Monday, July 2, 2018

Number of Indians referring Urdu as their mother tongue declines: Census Data

New Delhi: Number of Indians who used to refer Urdu as their mother tongue has declined by about 1.58%, the latest Census data released Friday said.
Urdu dropped from the 6th place in 2001 (51 million speakers) to the 7th place in 2011 with 50 million people mentioning it as their mother tongue. Gujarati, which was ranked 7th in 2001 with 46 million speakers, moved ahead of Urdu to occupy the 6th spot with 55 million speakers in 2011, according to the Census data.
Urdu is normally considered as the preferred language of Indian Muslims, though there are a good number of non-Muslims who are "proud speakers" of the language. Interestingly, the number of Urdu speakers has fallen despite the Muslim population increasing by around 30 million between 2001 and 2011.

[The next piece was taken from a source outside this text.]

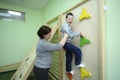 Improving motor control: Down syndrome boy doing exercises at the rehabilitation room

Hindi was the fastest growing language in India at 25.19% adding close to a 100 million speakers between 2001-2011. Kashmiri (22.97%), Gujarat (20.4%), Manipuri  (20.07%), and Bengali (16.63%) are the second, third and fourth fastest growing languages, respectively, the latest Census data said.

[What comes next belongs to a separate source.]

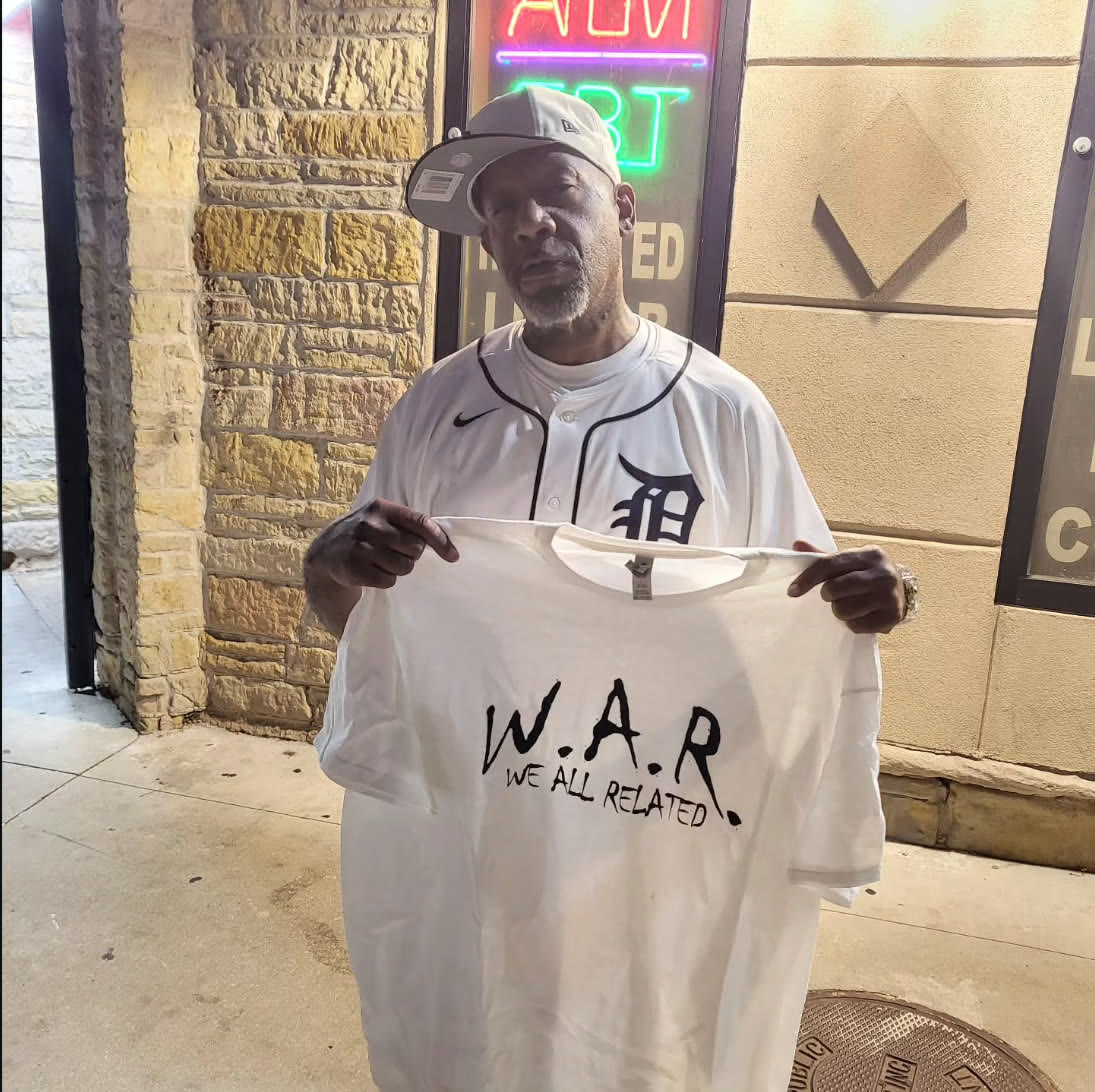 Man wearing a white W.A.R. — We All Related t-shirt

There are now 260,000 people who refer English as their mother tongue - up from 226,000 in 2001 and an increase of 14.67%. The most number of English speakers are from Maharashtra (104,000) followed by Tamil Nadu and Karnataka.
Sanskrit remains the least spoken among the scheduled languages – officially recognised – with 24,821 speakers despite an increase of 76% from 2001. Marathi speakers on the other hand, went up to 7.09 per cent from 6.99 per cent.

The census data confirms that 96.71 per cent of the population identified one of the 22 scheduled languages as their mother tongue. Among scheduled languages, Assamese is another language that has shown growth in the last census. Assamese speakers grew by 16.27 per cent from the 2001 census.
Out of unscheduled languages, the most spoken language was Bhili or Bhilodi, native to Rajasthan and spoken by 1.04 crore speakers.
In Nagaland, Mizoram and Meghalaya, over 80 percent of the population spoke ‘Other Languages’.
Arunachal Pradesh also had a fair share of people (72.13 percent) who spoke other languages. A 2013 linguistics survey carried out by People's Linguistic Survey of India had revealed that India has 780 different languages and at least 66 different scripts.